----- Extracted records -----

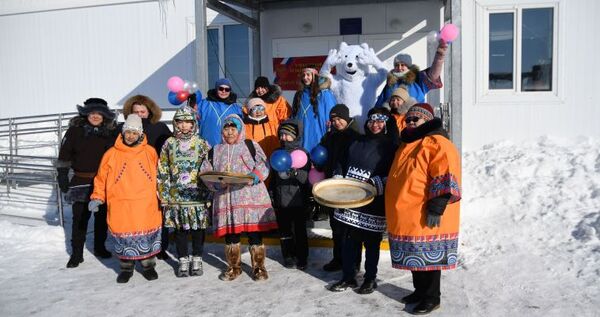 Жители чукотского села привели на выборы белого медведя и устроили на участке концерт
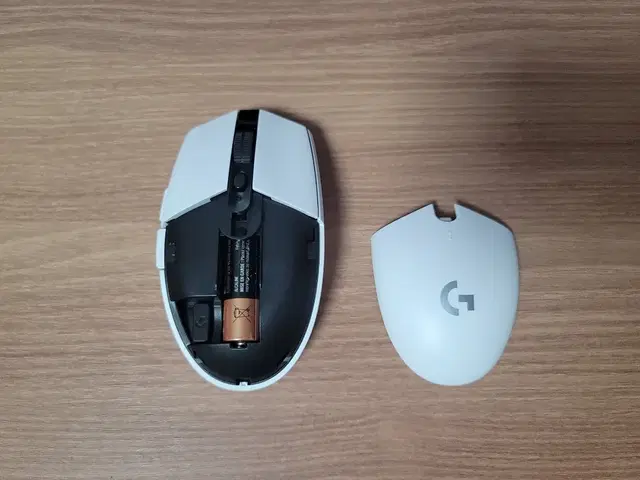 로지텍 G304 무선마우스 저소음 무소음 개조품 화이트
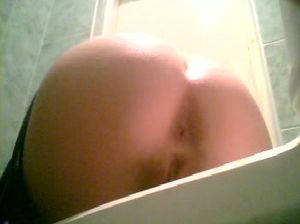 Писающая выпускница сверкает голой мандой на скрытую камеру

-----
----- Extracted records -----

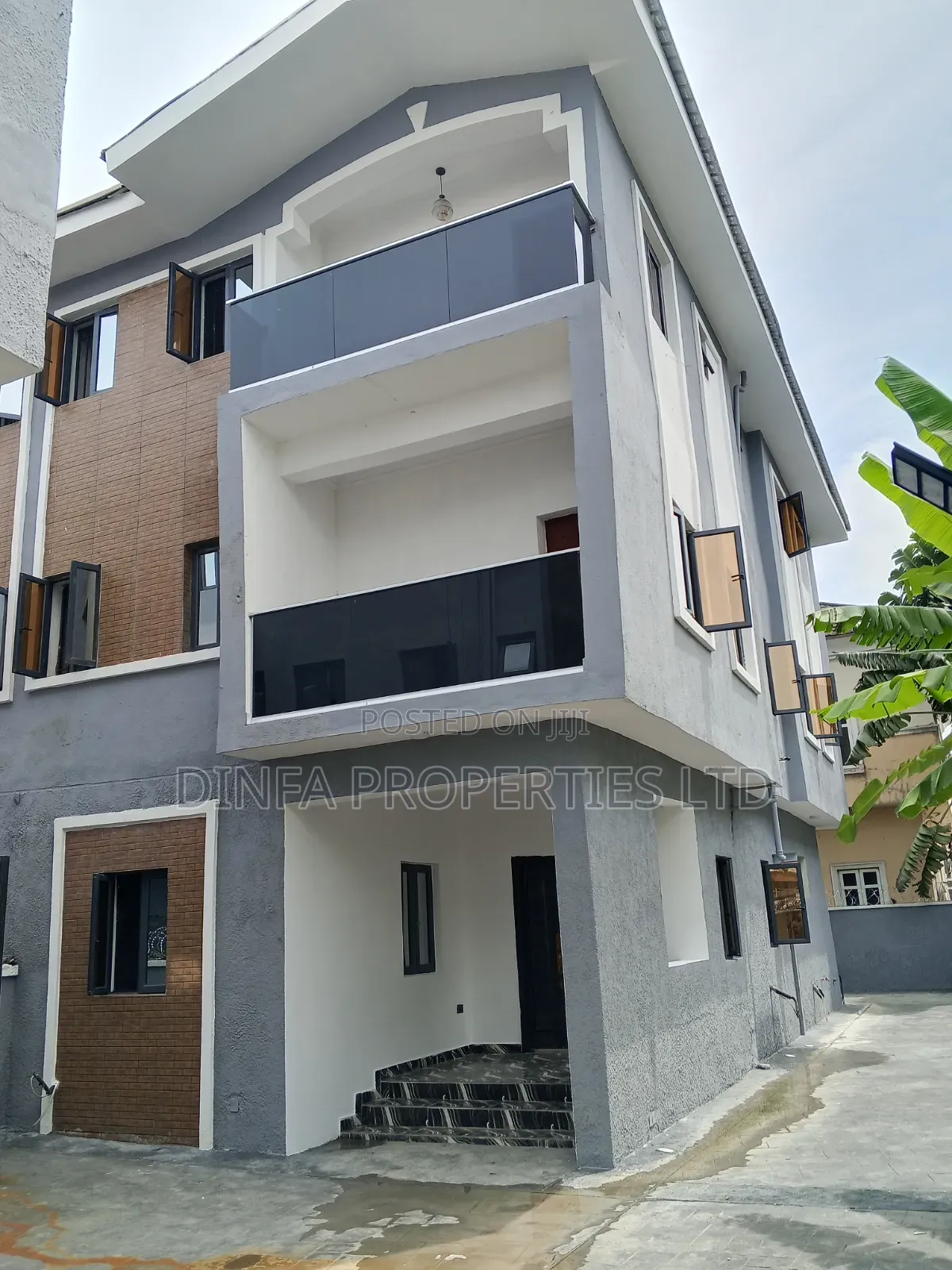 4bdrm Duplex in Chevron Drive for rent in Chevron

-----

▶ **What you need to do**
Take only the lines above from the one that has "Жители чукотского села" through the one that has "Писающая выпускница сверкает" and reproduce them exactly, omitting any pictures.

▶ **Reply**
 Жители чукотского села привели на выборы белого медведя и устроили на участке концерт
 로지텍 G304 무선마우스 저소음 무소음 개조품 화이트
 Писающая выпускница сверкает голой мандой на скрытую камеру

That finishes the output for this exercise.